Thursday 7 May 2009

The Photographers' Gallery

Maurizio Anzeri's collection was quite interesting. In his work, he stitches into the surface of black and white, found portraits. He adds physical and psychological layers to each of the portraits. What I can see from his work is that he tries to portray another element of the person in the photograph, whether it be a way to mock them, or a way to bring out an attribute that can't easily be seen. For the picture to the left, what I see that he added in the stitching is a monkey, what that means is completely up to interpretation.


Walead Beshty's abstract photograms were particularly intriguing to me. He creases and rolls photographic paper to create abstract photograms that explore a separation of the physical and image world. Walead Beshty's 4-sided pull was extremely abstract, with 4 different layers of inter-meshing with each other to create a scenic piece. Walead Beshty’s large-scale photo-graphic works are abstract images that tell the story of their own making. Produced by folding and processing light-sensitive photographic paper, the works develop patterns of angles, creases and folds.
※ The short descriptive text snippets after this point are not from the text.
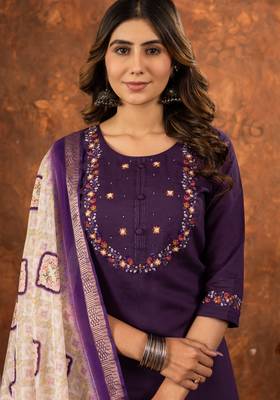 Wine embroidered marina silk kurta set with dupatta 3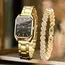 2PCS Fashion Rectangle Women Quartz Watch Rhinestone Bracelet Set Elegant Ladies Wristwatches Relogio Feminino（Without Box）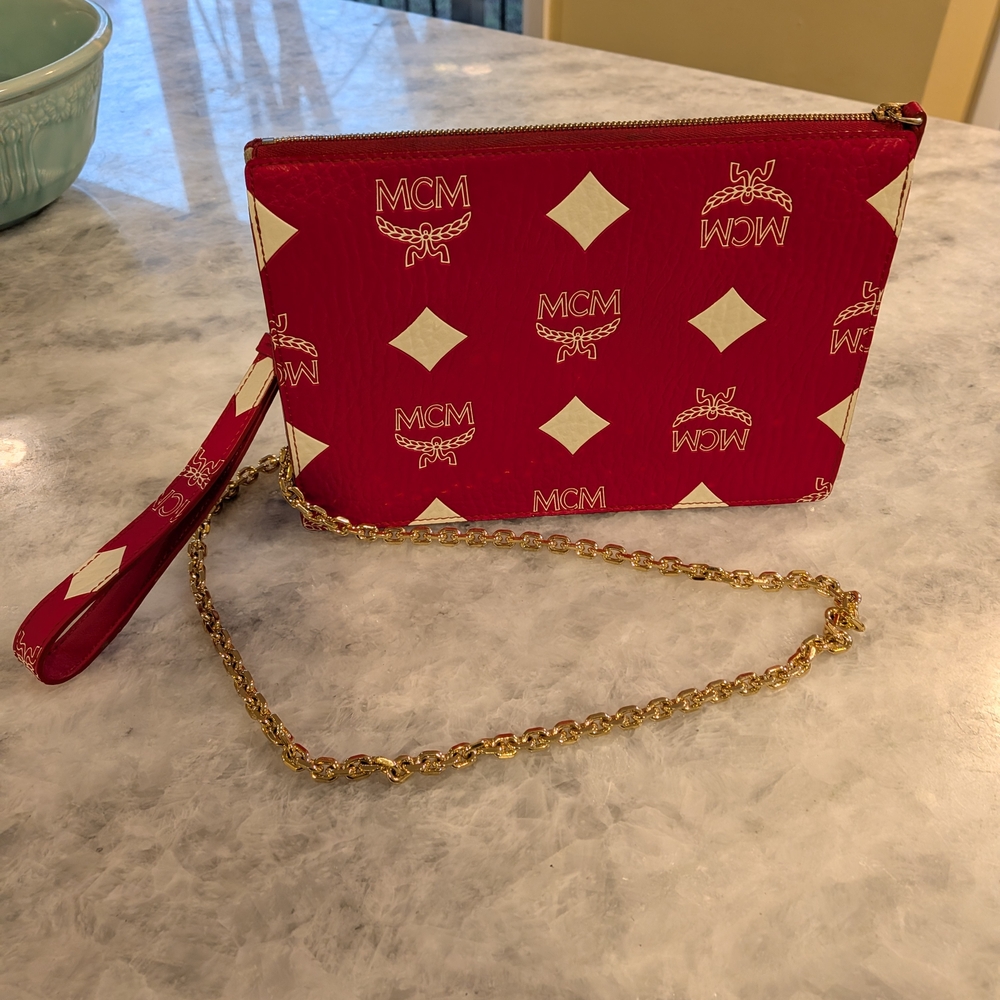 MCM Maxi Visetos Candy Red Clutch/Wristlet/Shoulder Bag Like New Luxury Girl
Catherine Yass' series Damage was quite interesting as well. She treats her film transparencies according to their subject matter. She drowns, burns and scrapes colour transparencies of urban scenes, taking the subject matter as the inspiration for its destruction. The scenes of waterways are drowned or representations of gas towers are burnt. The way in which she explores her photography is quite different, but it provides a way of exceeding a simple photograph.